Given the records below, the lines starting at the line with "Relative Rat Mitochondrial" and ending at the line with "EPO Protein, Human" should be output exactly, both end lines kept and pictures left out.
....................
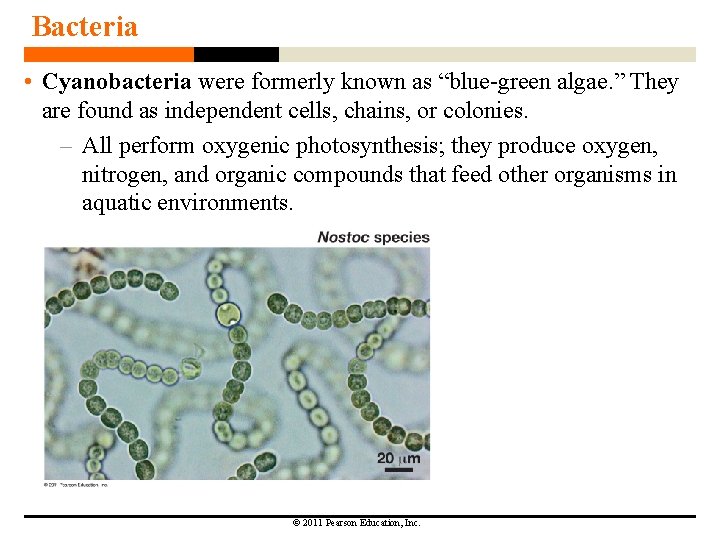 Bacteria • Cyanobacteria were formerly known as “blue-green algae. ” They are found as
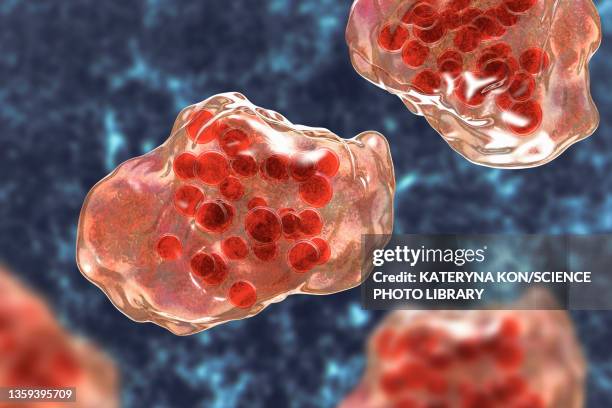 measles virus infection, illustration - measles stock pictures, royalty-free photos & images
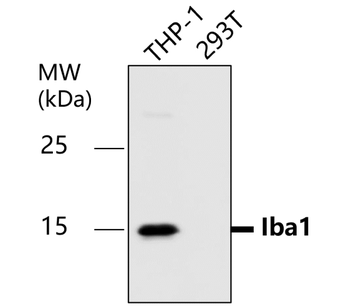 AIF/Iba1 Antibody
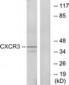CXCR3 Antibody (aa161-210)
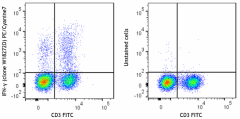 PE/Cyanine7 anti-mouse IFN-γ Antibody (163507)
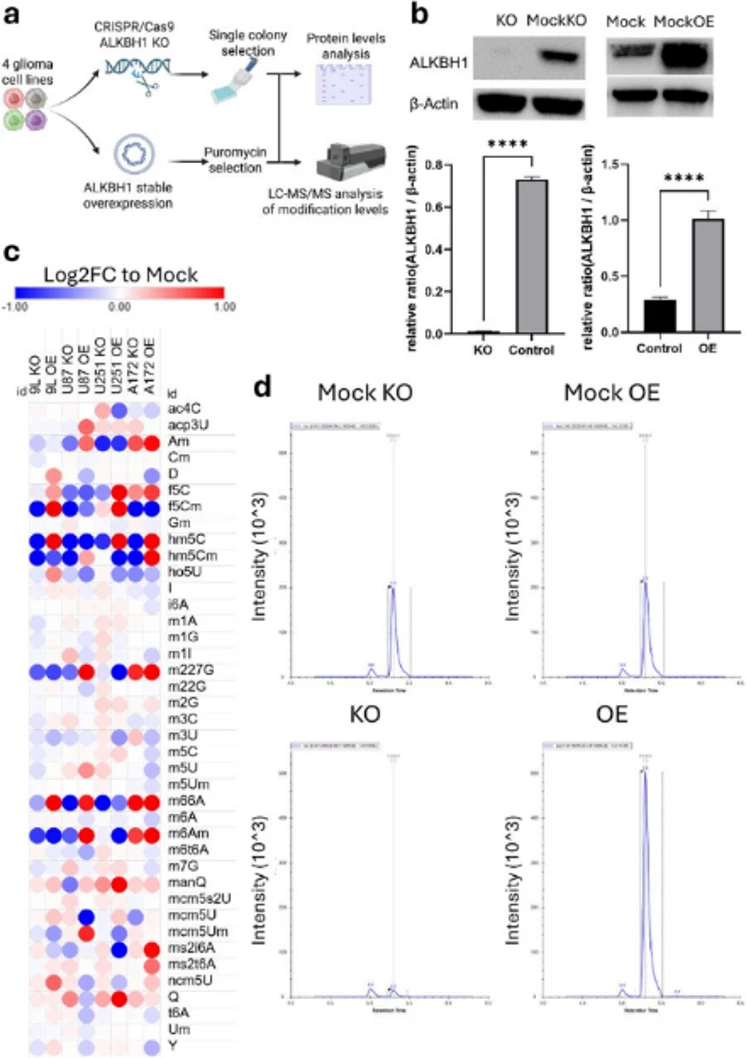 ALKBH1 reduces glioma proliferation in vitro but promotes oncogenesis in vivo.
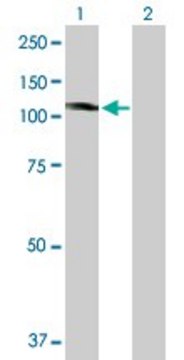 Anti-KIF20A antibody produced in mouse purified immunoglobulin, buffered aqueous solution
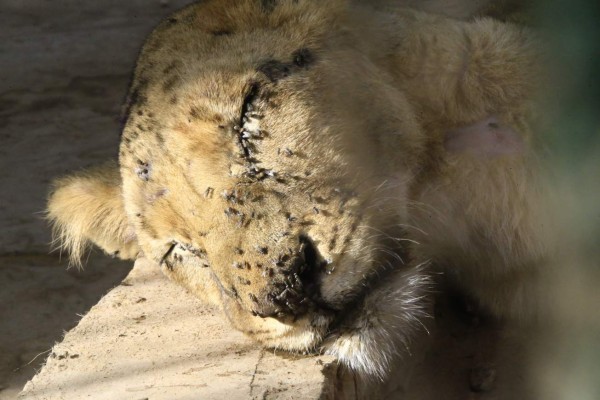 Desgarradoras imágenes de leones en extrema desnutrición en Sudán; hoy falleció uno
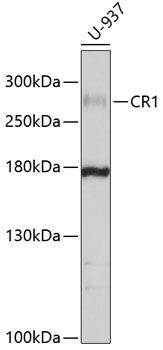 CD35 antibody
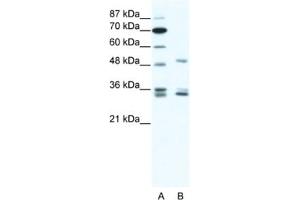 Western Blotting (WB) image for anti-Zinc Finger Protein 488 (ZNF488) antibody (ABIN2461317) (ZNF488 Antikörper)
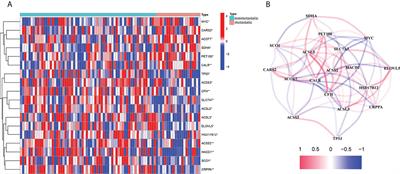 Comprehensive analysis of fatty acid and lactate metabolism–related genes for prognosis value, immune infiltration, and therapy in osteosarcoma patients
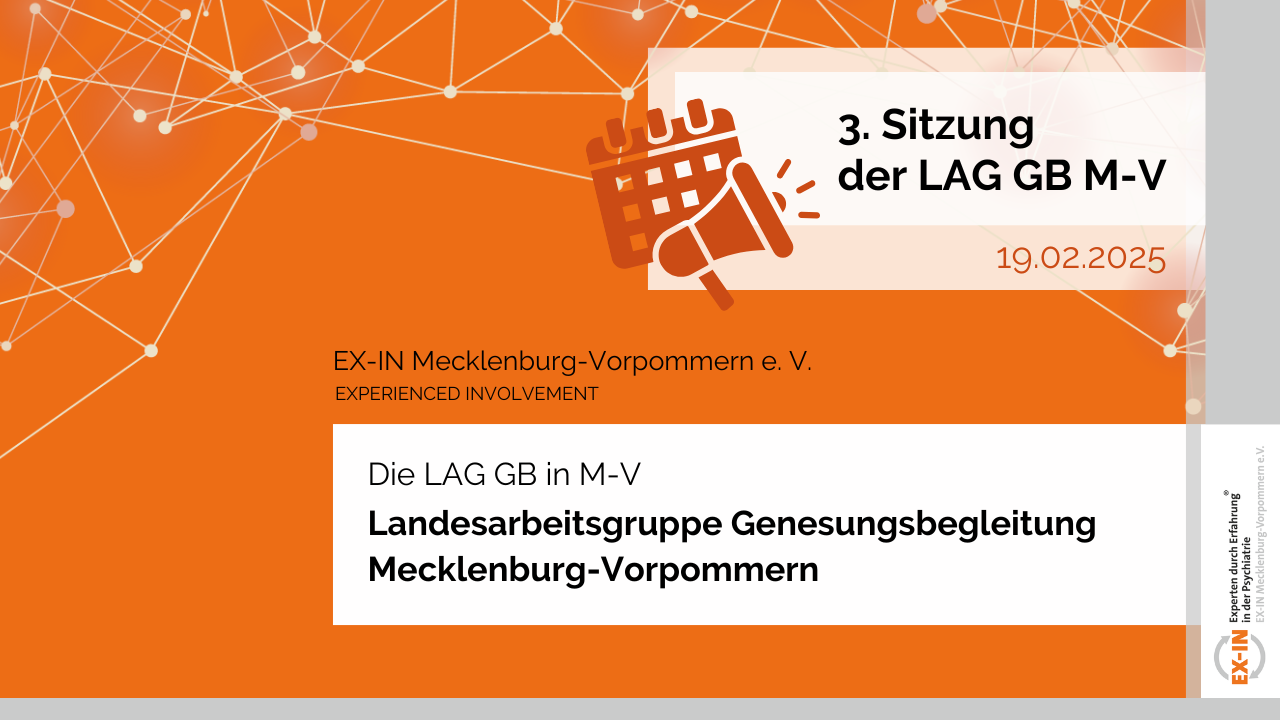 Du betrachtest gerade 3. Sitzung der Landesarbeitsgruppe Genesungsbegleitung M-V am 19.02.2025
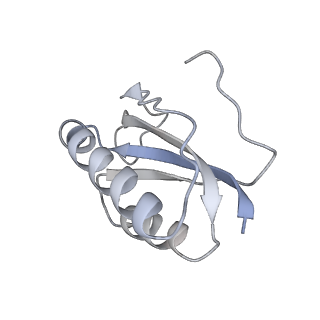 22459_7jss_K_v1-1
ArfB Rescue of a 70S Ribosome stalled on truncated mRNA with a partial A-site codon (+2-II)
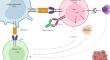 Elucidating CTLA-4's role in tumor immunity: a comprehensive overview of targeted antibody therapies and clinical developments.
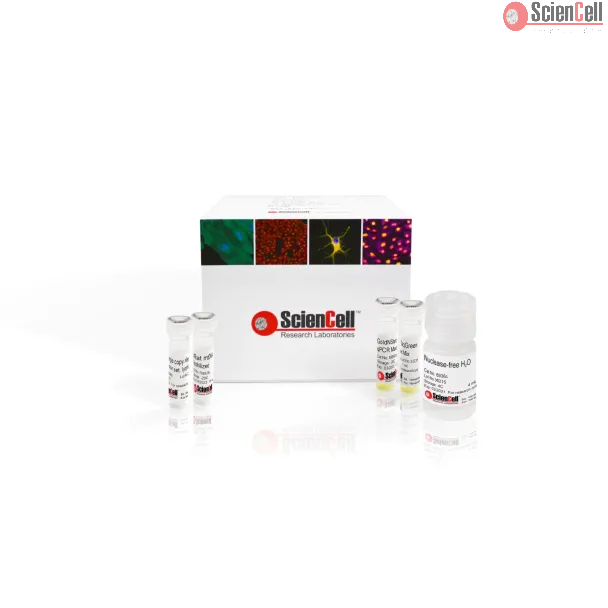Relative Rat Mitochondrial DNA Copy Number Quantification qPCR Assay Kit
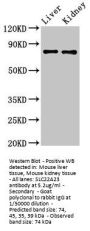 SLC22A23 Antibody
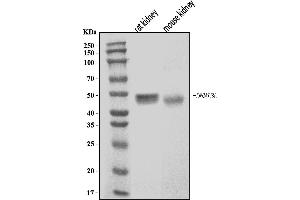 Western blot analysis of Dnmt3l using anti-Dnmt3l antibody (ABIN7601723).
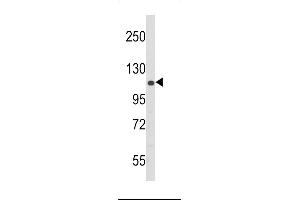 Western blot analysis of PERK Antibody (N-term ) (ABIN392617 and ABIN2842134) in 293 cell line lysates (35 μg/lane). (PERK 抗体  (N-Term))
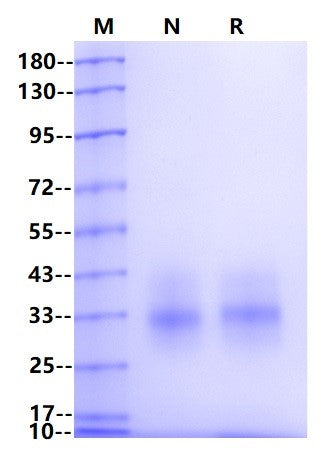 EPO Protein, Human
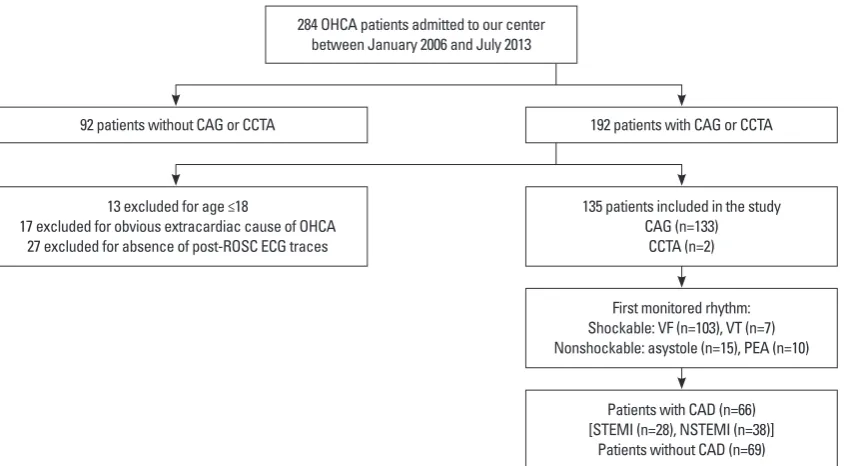 Fig. 1. Flow chart of OHCA patients included in the study. CAD, coronary artery disease; CAG, coronary angiography; CCTA, coronary CT angiography; ECG, electrocardiogram; NSTEMI, non-ST-segment elevation myocardial infarction; OHCA, out-of-hospital cardiac arrest; PEA, pulseless electrical activity; ROSC, return of spontaneous circulation; STEMI, ST-segment elevation myocardial infarction; VF, ventricular fibrillation; VT, ventricular tachycardia.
....................
» **Output for this task**:
Relative Rat Mitochondrial DNA Copy Number Quantification qPCR Assay Kit
 SLC22A23 Antibody
 Western blot analysis of Dnmt3l using anti-Dnmt3l antibody (ABIN7601723).
 Western blot analysis of PERK Antibody (N-term ) (ABIN392617 and ABIN2842134) in 293 cell line lysates (35 μg/lane). (PERK 抗体  (N-Term))
 EPO Protein, Human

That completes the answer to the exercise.